= YOUR OBJECTIVE =
Each line below from the "Epos Series 4-Pin" line through the "Durable Adjustable Product" line, those two included, must be restated word for word; the pictures must not be.

──────── DATA ────────

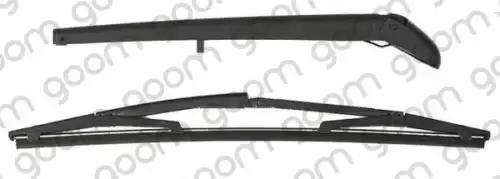 Щетка стеклоочистителя WI-0040 GOOM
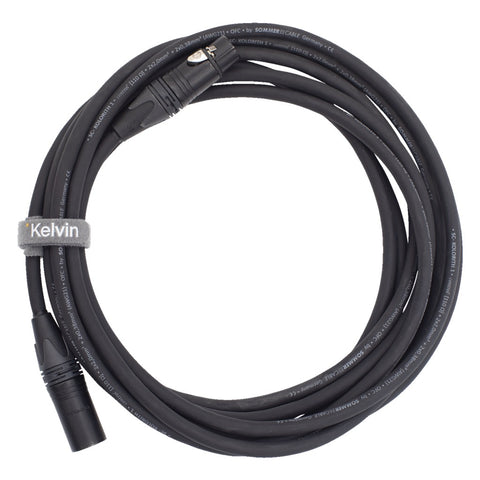 Epos Series 4-Pin XLR head cable (10 meters  32.8 ft)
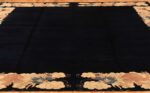 Whole View Of Antique Chinese Dragon Rug 70326 by Nazmiyal NYC
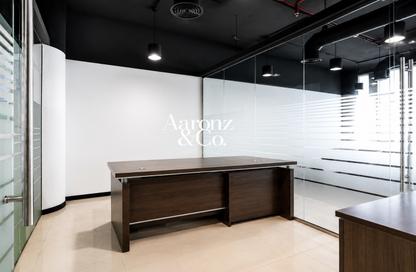 Office Space - Studio for rent in Clover Bay Tower - Business Bay - Dubai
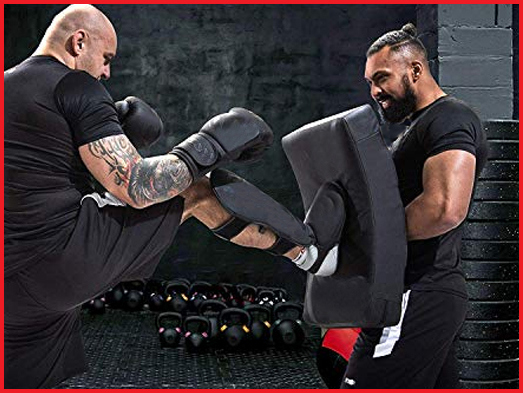 Durable Adjustable Product Soft Touch Material Customization Product New Arrival Boxing Kick Shield - view 9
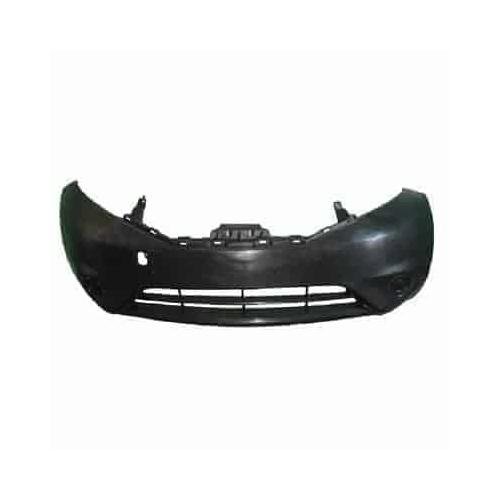 NI1000292C Front Bumper Cover 2014-2016 Nissan Versa Hatchback FBM223VY0J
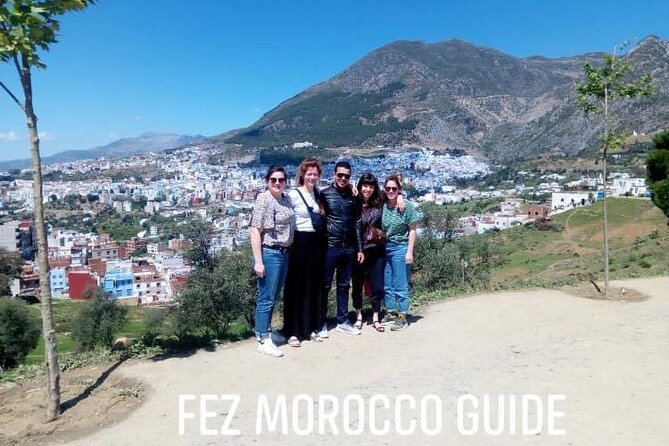 Chefchaouen Transfer to or from Fes - Who should book this Fes day trip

────────

= EXERCISE ANSWER =
 Epos Series 4-Pin XLR head cable (10 meters  32.8 ft)
 Whole View Of Antique Chinese Dragon Rug 70326 by Nazmiyal NYC
 Office Space - Studio for rent in Clover Bay Tower - Business Bay - Dubai
 Durable Adjustable Product Soft Touch Material Customization Product New Arrival Boxing Kick Shield - view 9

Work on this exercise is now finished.